I don’t, I was just repeating Twain’s joke.

Not a lot, though. Although Huck articulates some views better by the end of the novel, his behaviour doesn’t change significantly.

You misunderstand. I said judging a book by its author’s politics, as in, “I like the politics, so the book must be good”, or “I dislike the politics, so the book is bad”.

Thank you.
Note that I don’t insist on such a thing in general-- I claim that such is the case in a particular instance. I support this claim by drawing a parallel with the plot(see previous post), as well as demonstrating other quotes from the same book where it seems clear to me that the voice of a character is the voice of the author.

First, this is more about Bessie Wherry Noe than it is about Mark Twain. That being said, I don’t disagree with Noe. Mark Twain did show his distaste for mid-19thC race relations in Huck Finn, and more so in Pudd’nhead Wilson, no argument there. This doesn’t align him automatically with the present-day left-wing racial politics, is all I’m saying.

They don’t give you cigarettes in school, do they? :wink:

:slight_smile:

OK, like sulphuric acid in the chemistry lab.

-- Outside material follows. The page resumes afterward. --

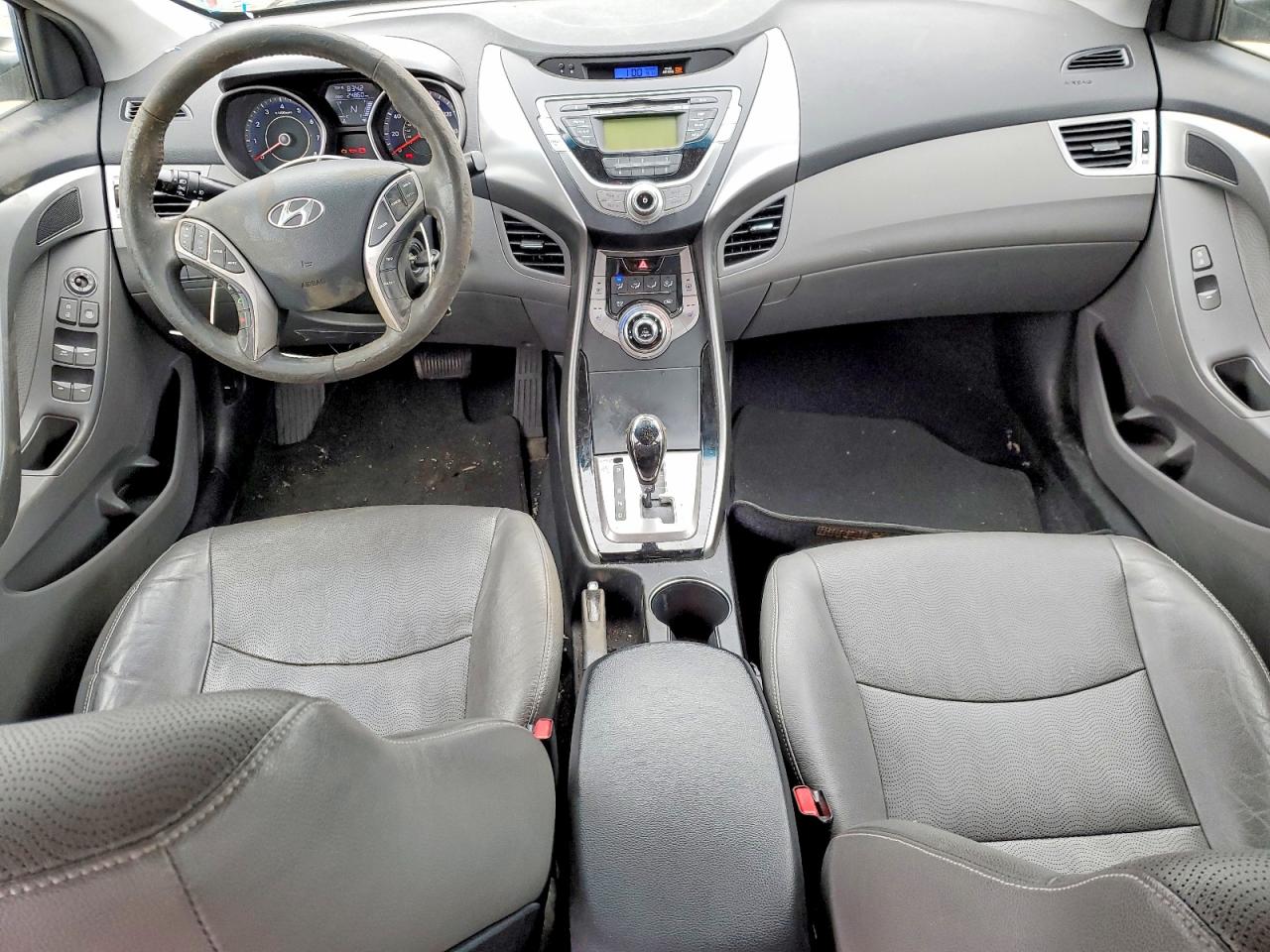 2013 Hyundai Elantra Silver vin: KMHDH4AE4DU634952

First, a question - did anyone here who is speaking in appreciation of Huckleberry Finn only read the book because it was assigned reading in a literature class? Is it that you would not have been introduced the book and never read the book had it not been assigned?

Zoe,
In my school, it was part of American Literature which students had to take once between their sophomore and senior years. I only was required to read it once. However, as has been said many other times in this thread, it’s been protested for years - even when I was in HS, and the teachers would work that in. And then tell the students to talk to the Black students about what they thought about it and why Black people thought books should be banned and what was wrong with them that they thought that way.
And since there was a very large chance that there were no Black students in class to answer (there were about 20-something in a school of 1300), they’d ask students outside of class. So I had to deal with it even when I wasn’t being taught the book.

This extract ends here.